DIRECTIONS. The entries below contain pictures. Write out only the lines from the line with "So this is how" up to and including the line with "The first thing", exactly, without them.

▼

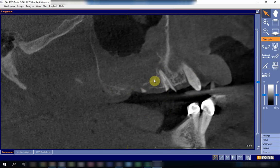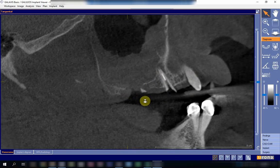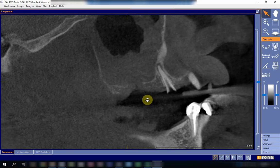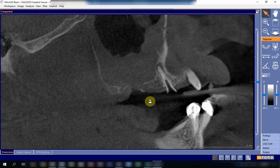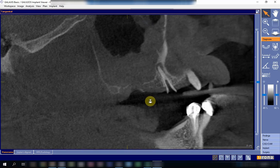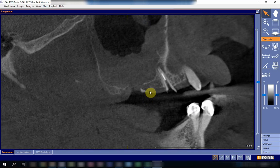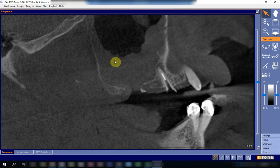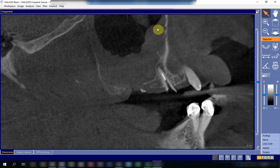If we follow the floor of the maxillary sinus, which appears as a thin continuous line, we can see that in this region there is no more bone — there is a breach, a discontinuity, a breakage of the floor of the sinus. You can also see a trace of bone, a foreign body, or a piece of root which remains here. Thankfully it is still in the bone and has not gone into the maxillary sinus.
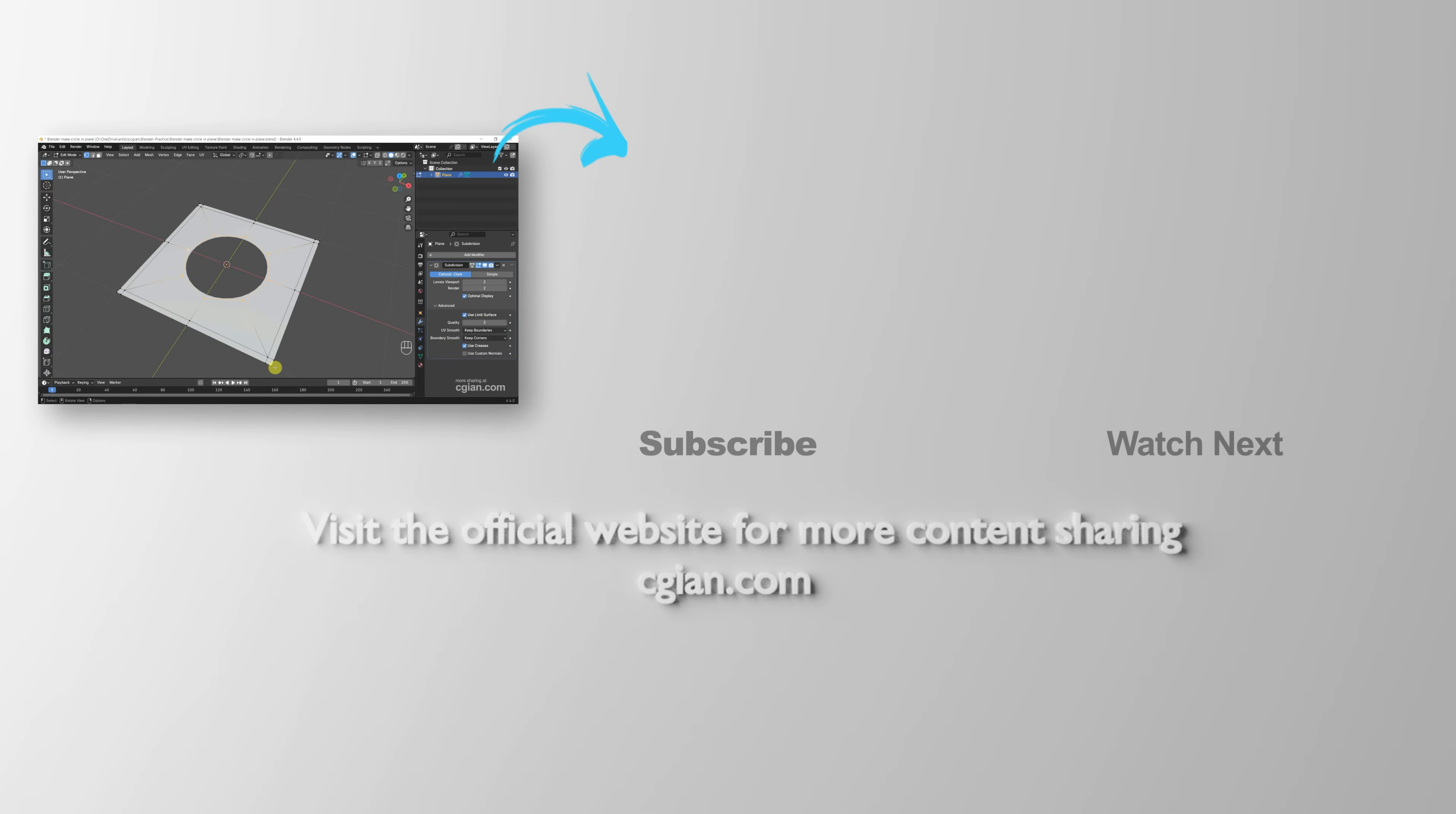So this is how we can make a circle hole in the plane. Thank you for watching this video. Hope this helped. Please subscribe to this channel. More videos will be shared with you. I'm C.G. Ian. See you in the next video. Bye.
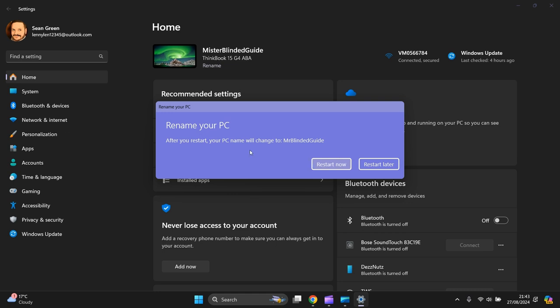Now you'll need to restart. This pops up after you press Next. It says your PC name will change to Mr. Blinded Gate. You can do that straight away or restart later, it's up to you. The name change will only take effect when you reboot or restart your device.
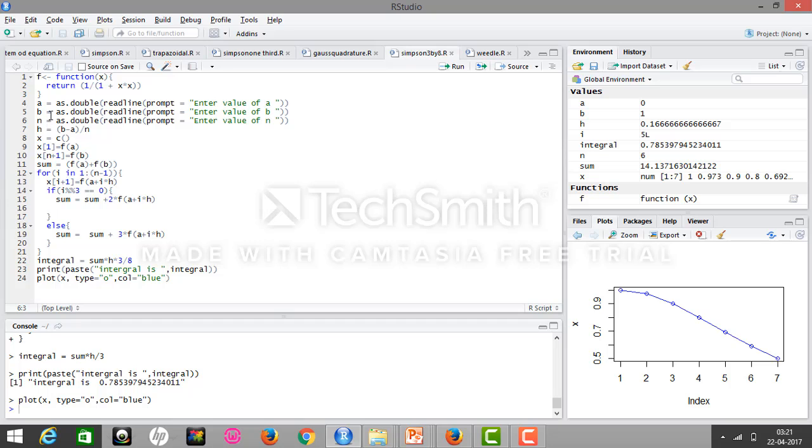As we have already discussed in Simpson's 1/3 rule, the only change here is that if i is divisible by 3, that is, if i is a multiple of 3, then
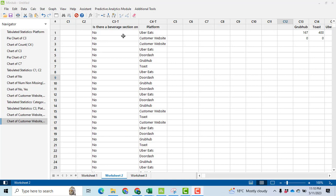Now, after that, we need some cross tabulation. I want to know how many people in the customer website platform have answered yes and no, likewise in Uber Eats, Toast, etc.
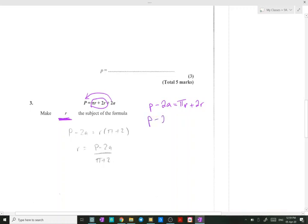So p minus 2a equals r outside brackets (π plus 2). Now we need r alone, so we divide by (π plus 2). Therefore, the answer is r equals (p minus 2a) divided by (π plus 2).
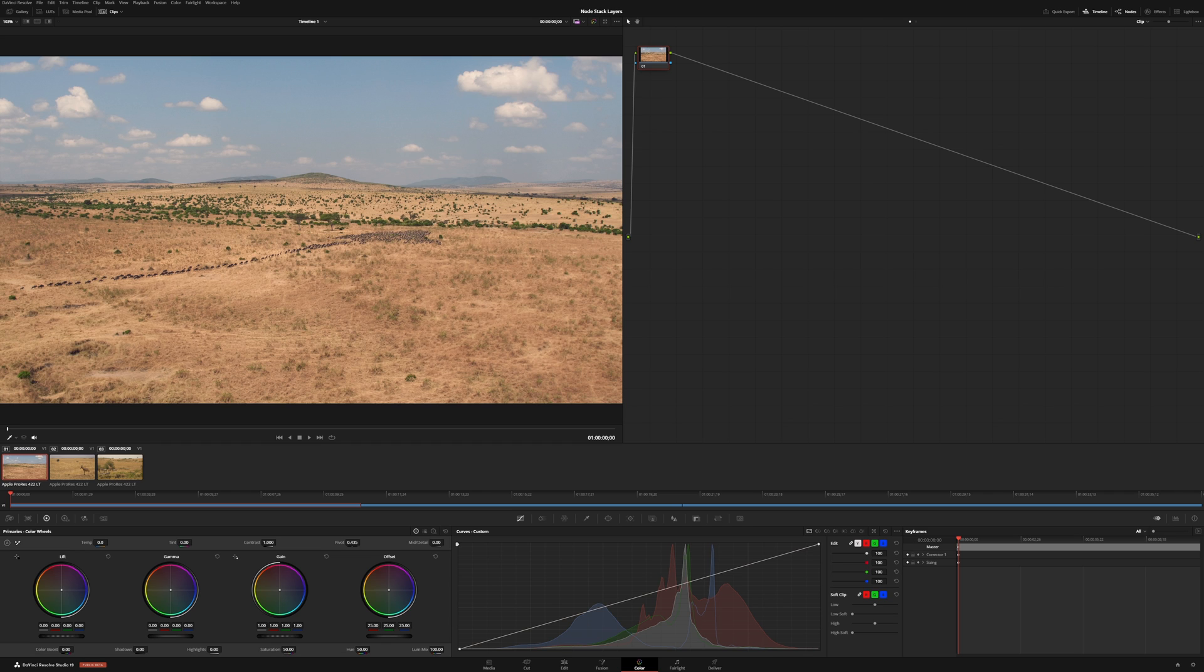NodeStack Layers is a brand new addition to DaVinci Resolve 19. It enables you to manage complex grades within your project. Let me quickly show you how they work.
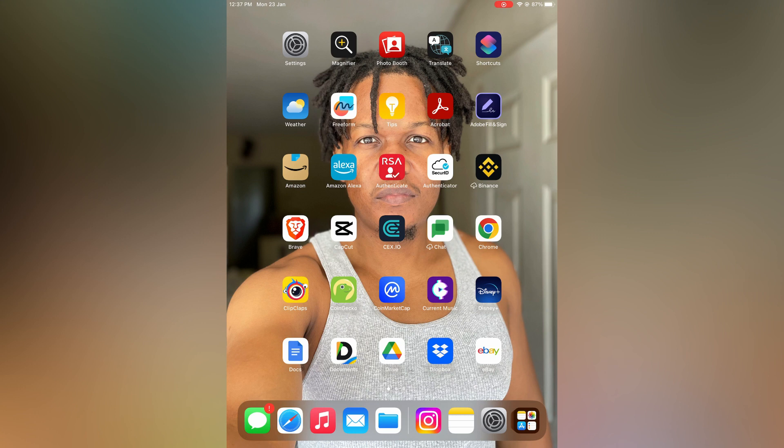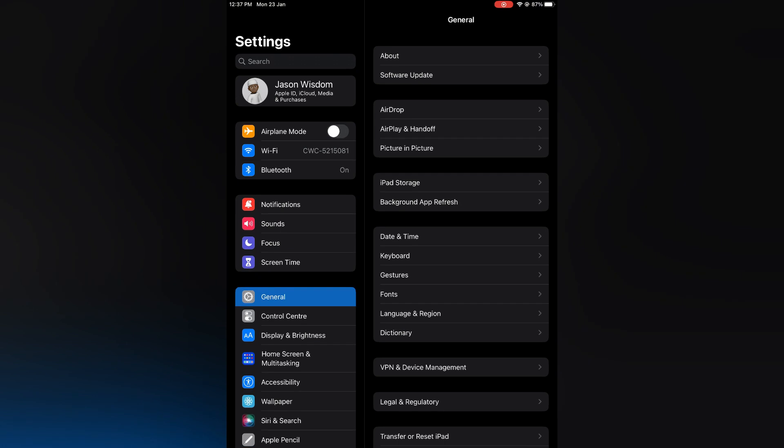The first thing you need to do is open settings. Once in settings, you are going to select general.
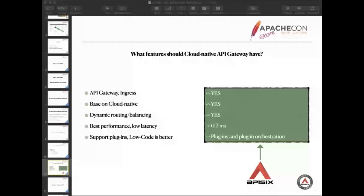Finally, in addition to the plugins, APISIX also supports plugin orchestration. All users only need to drag and drop to complete certain features. I will play a video later to show you how it works. Until now, only APISIX supports plugin orchestration.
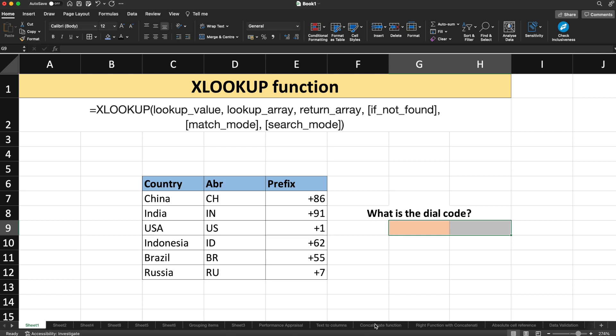Hello guys, my name is Manu Sharma. Welcome to Technosage. Before we start with this video on the XLOOKUP function, I request you to please subscribe to the channel if you haven't done it yet. In this video, we'll be talking about the XLOOKUP function in Excel.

▲

RESPONSE BELOW.
So this is how we can make a circle hole in the plane. Thank you for watching this video. Hope this helped. Please subscribe to this channel. More videos will be shared with you. I'm C.G. Ian. See you in the next video. Bye.
Now you'll need to restart. This pops up after you press Next. It says your PC name will change to Mr. Blinded Gate. You can do that straight away or restart later, it's up to you. The name change will only take effect when you reboot or restart your device.
As we have already discussed in Simpson's 1/3 rule, the only change here is that if i is divisible by 3, that is, if i is a multiple of 3, then
Now, after that, we need some cross tabulation. I want to know how many people in the customer website platform have answered yes and no, likewise in Uber Eats, Toast, etc.
So p minus 2a equals r outside brackets (π plus 2). Now we need r alone, so we divide by (π plus 2). Therefore, the answer is r equals (p minus 2a) divided by (π plus 2).
NodeStack Layers is a brand new addition to DaVinci Resolve 19. It enables you to manage complex grades within your project. Let me quickly show you how they work.
The first thing you need to do is open settings. Once in settings, you are going to select general.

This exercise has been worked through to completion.